I have looked around but have been unable to find a solution to what must be a well asked question.
Here is the code I have:
#include <stdlib.h>
struct my_struct {
int n;
char s[]
};
int main()
{
struct my_struct ms;
ms.s = malloc(sizeof(char*)*50);
}
and here is the error gcc gives me:
error: invalid use of flexible array member
I can get it to compile if i declare the declaration of s inside the struct to be
char* s
and this is probably a superior implementation (pointer arithmetic is faster than arrays, yes?)
but I thought in c a declaration of
char s[]
is the same as
char* s
The way you have it written now , used to be called the "struct hack", until C99 blessed it as a "flexible array member". The reason you're getting an error (probably anyway) is that it needs to be followed by a semicolon:
#include <stdlib.h>
struct my_struct {
int n;
char s[];
};
When you allocate space for this, you want to allocate the size of the struct plus the amount of space you want for the array:
struct my_struct *s = malloc(sizeof(struct my_struct) + 50);
In this case, the flexible array member is an array of char, and sizeof(char)==1, so you don't need to multiply by its size, but just like any other malloc you'd need to if it was an array of some other type:
struct dyn_array {
int size;
int data[];
};
struct dyn_array* my_array = malloc(sizeof(struct dyn_array) + 100 * sizeof(int));
Edit: This gives a different result from changing the member to a pointer. In that case, you (normally) need two separate allocations, one for the struct itself, and one for the "extra" data to be pointed to by the pointer. Using a flexible array member you can allocate all the data in a single block.
You need to decide what it is you are trying to do first.
If you want to have a struct with a pointer to an [independent] array inside, you have to declare it as
struct my_struct {
int n;
char *s;
};
In this case you can create the actual struct object in any way you please (like an automatic variable, for example)
struct my_struct ms;
and then allocate the memory for the array independently
ms.s = malloc(50 * sizeof *ms.s);
In fact, there's no general need to allocate the array memory dynamically
struct my_struct ms;
char s[50];
ms.s = s;
It all depends on what kind of lifetime you need from these objects. If your struct is automatic, then in most cases the array would also be automatic. If the struct object owns the array memory, there's simply no point in doing otherwise. If the struct itself is dynamic, then the array should also normally be dynamic.
Note that in this case you have two independent memory blocks: the struct and the array.

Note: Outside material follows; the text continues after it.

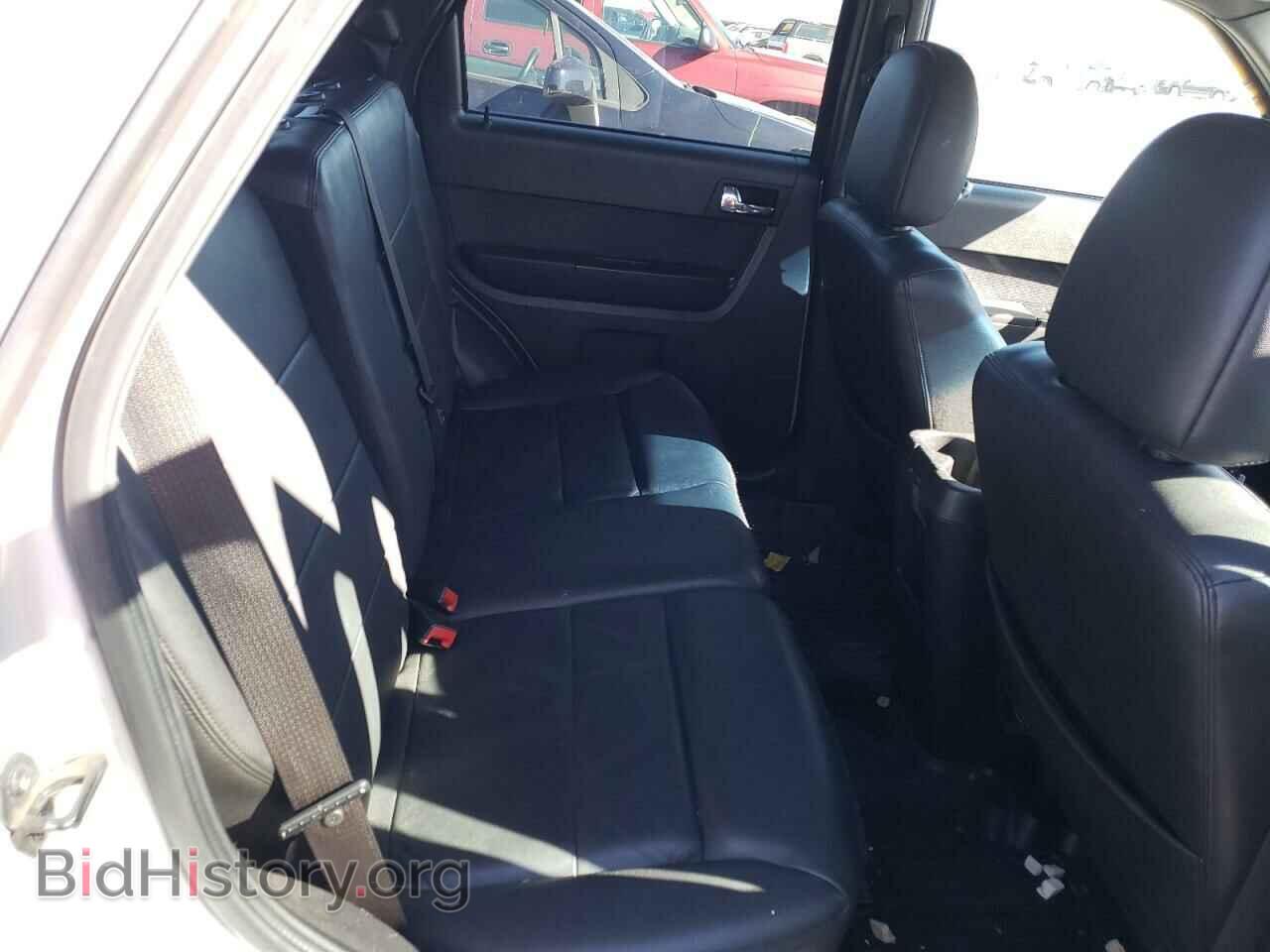 2011 FORD ESCAPE - VIN: 1FMCU9EG5BKB69459 - Фото 10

A completely different approach would be to use the "struct hack" idiom. In this case the array becomes an integral part of the struct. Both reside in a single block of memory. In C99 the struct would be declared as
struct my_struct {
int n;
char s[];
};
and to create an object you'd have to allocate the whole thing dynamically
struct my_struct *ms = malloc(sizeof *ms + 50 * sizeof *ms->s);
The size of memory block in this case is calculated to accommodate the struct members and the trailing array of run-time size.

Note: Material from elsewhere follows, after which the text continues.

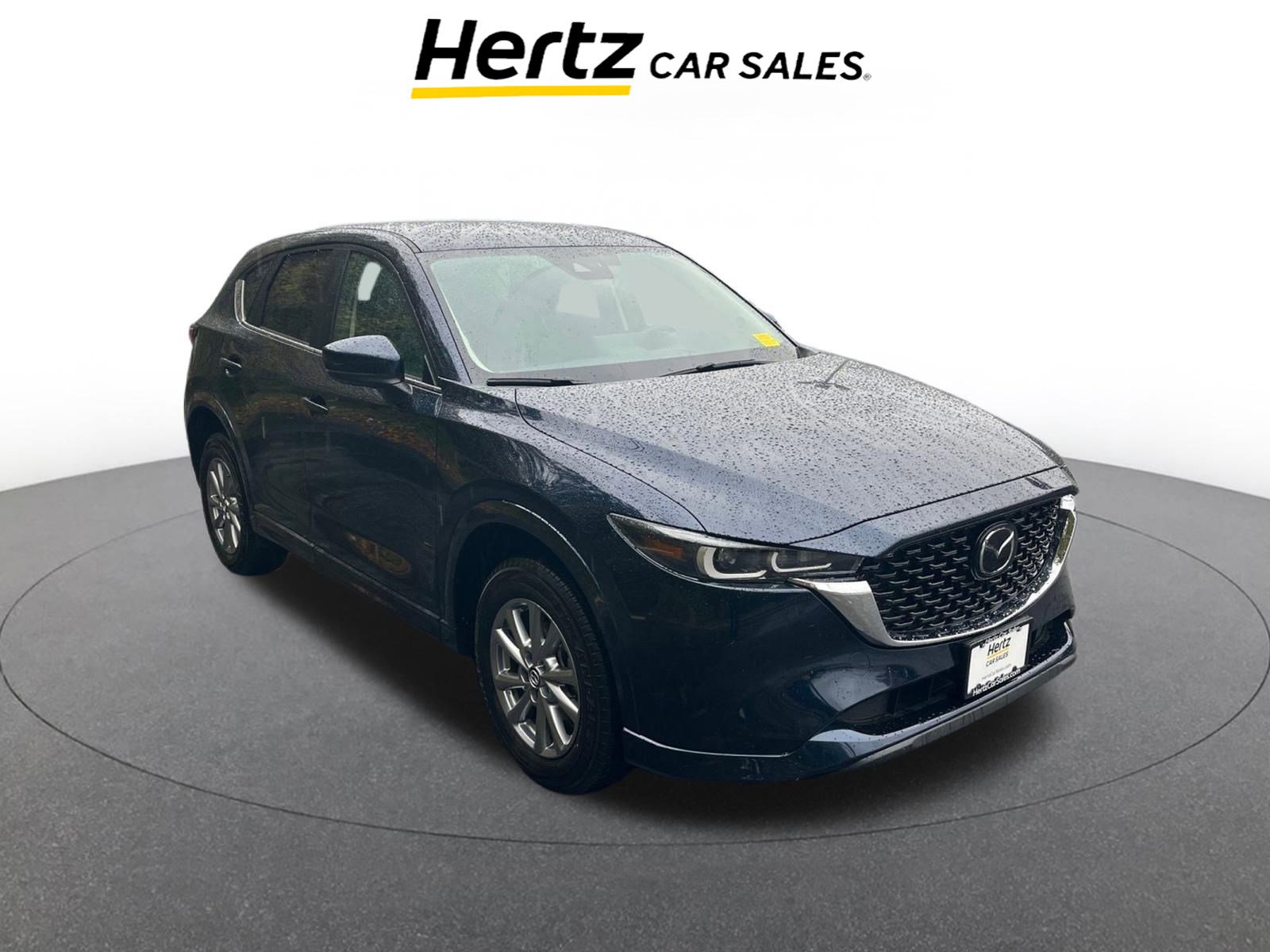 Used 2025 MAZDA CX-5 AWD 2.5 S w/ Select Package image 1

Note that in this case you have no option to create such struct objects as static or automatic objects. Structs with flexible array members at the end can only be allocated dynamically in C.
Your assumption about pointer aritmetics being faster then arrays is absolutely incorrect. Arrays work through pointer arithmetics by definition, so they are basically the same. Moreover, a genuine array (not decayed to a pointer) is generally a bit faster than a pointer object. Pointer value has to be read from memory, while the array's location in memory is "known" (or "calculated") from the array object itself.
The use of an array of unspecified size is only allowed at the end of a structure, and only works in some compilers. It is a non-standard compiler extension. (Although I think I remember C++0x will be allowing this.)
The array will not be a separate allocation for from the structure though. So you need to allocate all of my_struct, not just the array part.
What I do is simply give the array a small but non-zero size. Usually 4 for character arrays and 2 for wchar_t arrays to preserve 32 bit alignment.
Then you can take the declared size of the array into account, when you do the allocating. I often don't on the theory that the slop is smaller than the granularity that the heap manager works in in any case.
Also, I think you should not be using sizeof(char*) in your allocation.
This is what I would do.
struct my_struct {
int nAllocated;
char s[4]; // waste 32 bits to guarantee alignment and room for a null-terminator
};
int main()
{
struct my_struct * pms;
int cb = sizeof(*pms) + sizeof(pms->s[0])*50;
pms = (struct my_struct*) malloc(cb);
pms->nAllocated = (cb - sizoef(*pms) + sizeof(pms->s)) / sizeof(pms->s[0]);
}
I suspect the compiler doesn't know how much space it will need to allocate for s[], should you choose to declare an automatic variable with it.
I concur with what Ben said, declare your struct
struct my_struct {
int n;
char s[1];
};
Also, to clarify his comment about storage, declaring char *s won't put the struct on the stack (since it is dynamically allocated) and allocate s in the heap, what it will do is interpret the first sizeof(char *) bytes of your array as a pointer, so you won't be operating on the data you think you are, and probably will be fatal.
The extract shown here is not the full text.